We compromised and decided on the high speed train that left Hangzhou at 10am and arrived at Guilin at 6pm. Travelling by train in China is an absolute pleasure. There's no sensation that at times you are travelling at over 300kph!
The hassles and rigmarole of getting onto the train can be quite nerve wracking. The stations are massive and not all that well planned. One can walk the length of the station to get a ticket just to have to walk back nearly the whole length to board the train. Without having a station map finding the ticket office to collect pre-booked tickets can be a marathon.
It’s good exercise but struggling through the hordes is not fun!
Most people working in and around the stations do not understand English so getting directions can be frustrating especially as the departure deadline looms.

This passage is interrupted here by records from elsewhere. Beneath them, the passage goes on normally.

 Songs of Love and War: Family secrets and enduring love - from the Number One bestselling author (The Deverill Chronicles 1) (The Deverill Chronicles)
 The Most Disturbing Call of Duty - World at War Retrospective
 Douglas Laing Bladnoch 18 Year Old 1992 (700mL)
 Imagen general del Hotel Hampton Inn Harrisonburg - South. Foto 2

Another absolute pain are the regular security checks. Getting into the station, bags through the x-ray machine, water bottles being scanned and the inconsistency. Beepers going off with every passenger the wand waving back and front and the occasional “body rub” by some officious and unattractive female security guard.
To get to the high speed train station we took the Metro which was a 40-minute trip. Leaving just after 8am on a Monday morning we were part of the community going about their daily lives. Busy but bearable. The trip involved one easy line change.

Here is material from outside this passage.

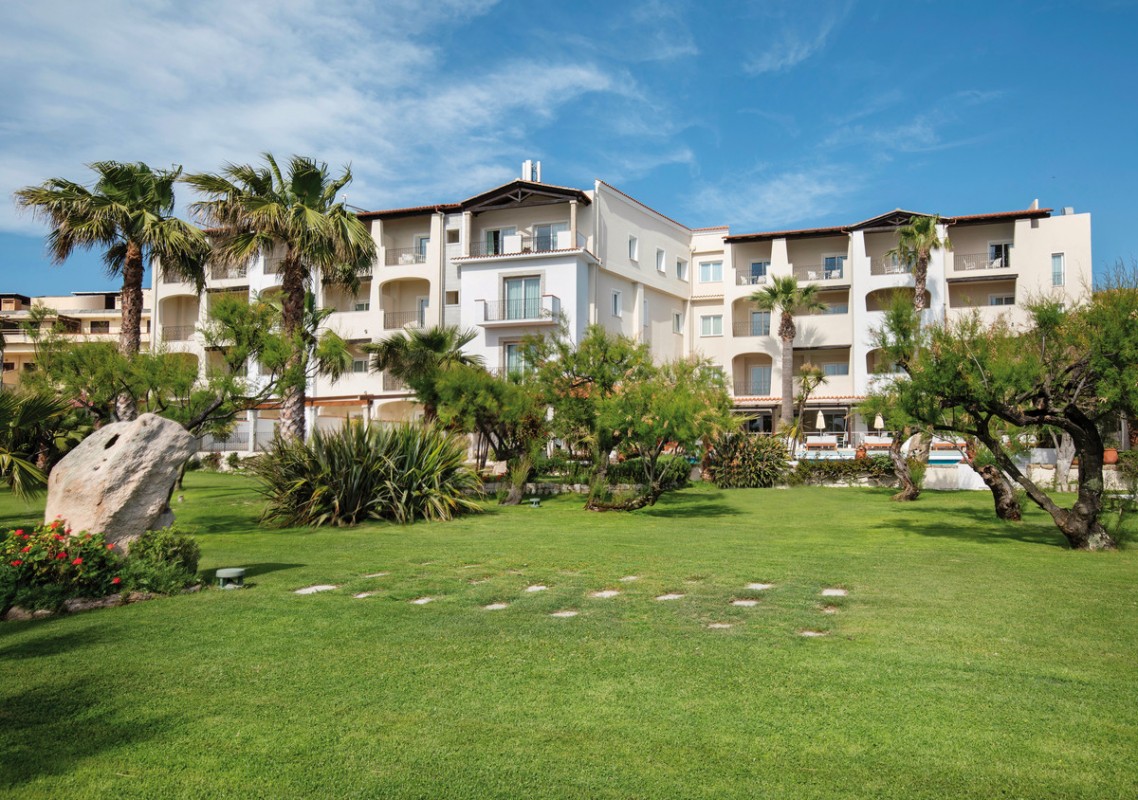 Hotel Villa Margherita, Italien, Sardinien, Golfo Aranci, Bild 5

Travelling around China makes one realise how many big cities there are that you’ve never heard of.
Hangzhou is a short distance from Shanghai. A convenient day trip to visit one the natural attractions of the area, West Lake, Lingyin Temple or one of the nearby water towns. But it’s not what one would ever consider as a coastal town!

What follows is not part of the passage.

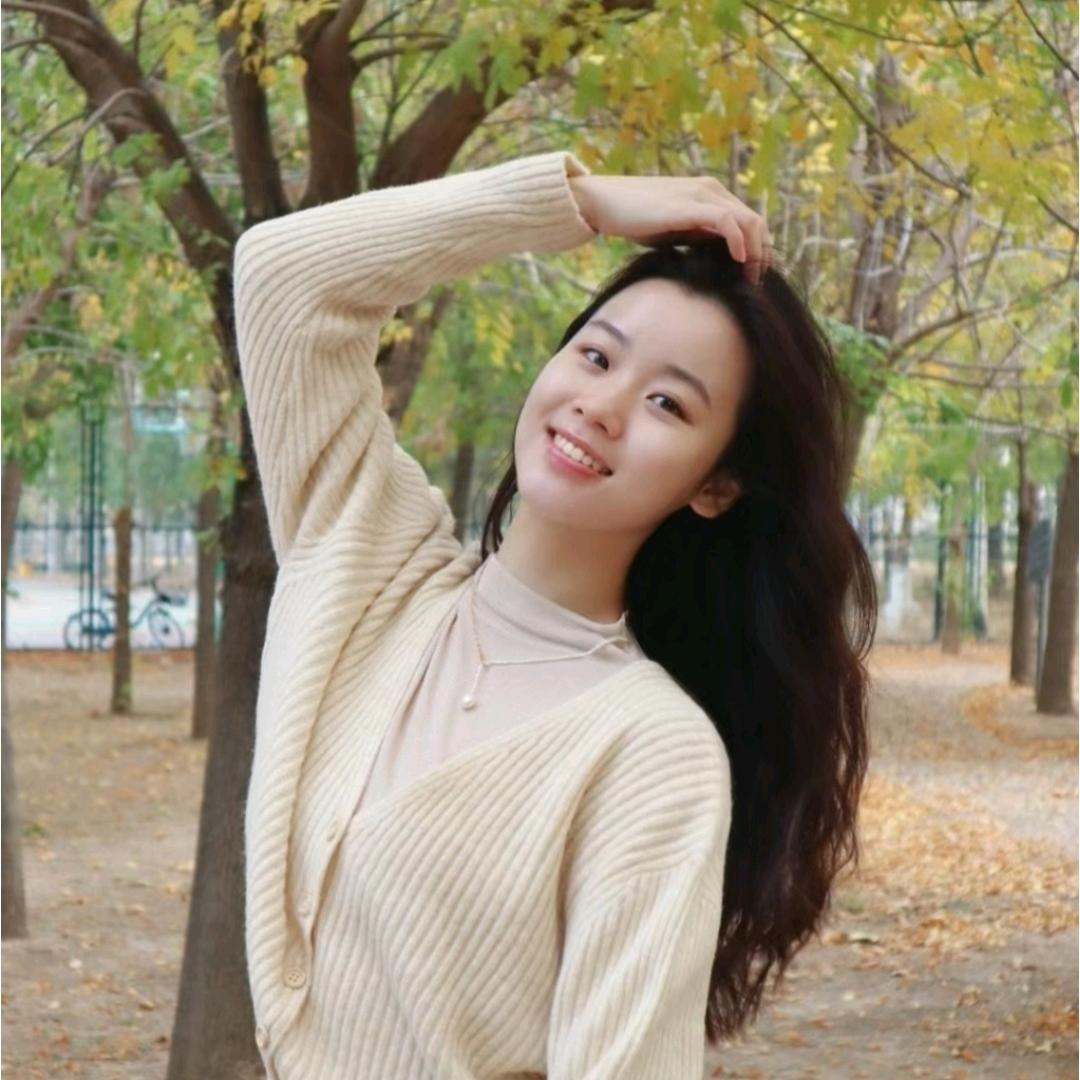 @丽美好物分享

It's a city that hosted the 2016 G20 conference in a newly built 850 000 square meter building (the largest building in China and the equivalent of over 100 football fields!!). It has a metro system with about 5 active lines and another 8 or so either under construction or in planning.
Booking tickets on the metro using the automated machines is easy. They all have an “English” button and the instructions are easy to follow.
The stop overs at stations are very short and can be a bit chaotic. In some cases the bulk luggage storage is at the front of the carriage and at other times at the back so deciding which door is a bit of a lottery. Once the train has left people spend the next few minutes sorting themselves out. All seats are allocated by number by carriage and are very adequate.
Some have charging points for cell phones and other electronic devices.
Once seated it is comfortable and stress free until approaching your destination. The trains run to very strict schedules and times of arrival will be within a few minutes of the schedule.
China has thousands of kilometres of elevated railway lines and impressive highways ... that may be empty of traffic. There are stark contrasts - the new buildings and the dereliction, the highways and few cars … it’s confusing!
- You don’t need all the luggage you think you do!
- Lugging heavy luggage around is a pain. On and off trains, up and down stairs. Trying to find the escalator or elevator.
- High speed train travel is more enjoyable than taking a flight!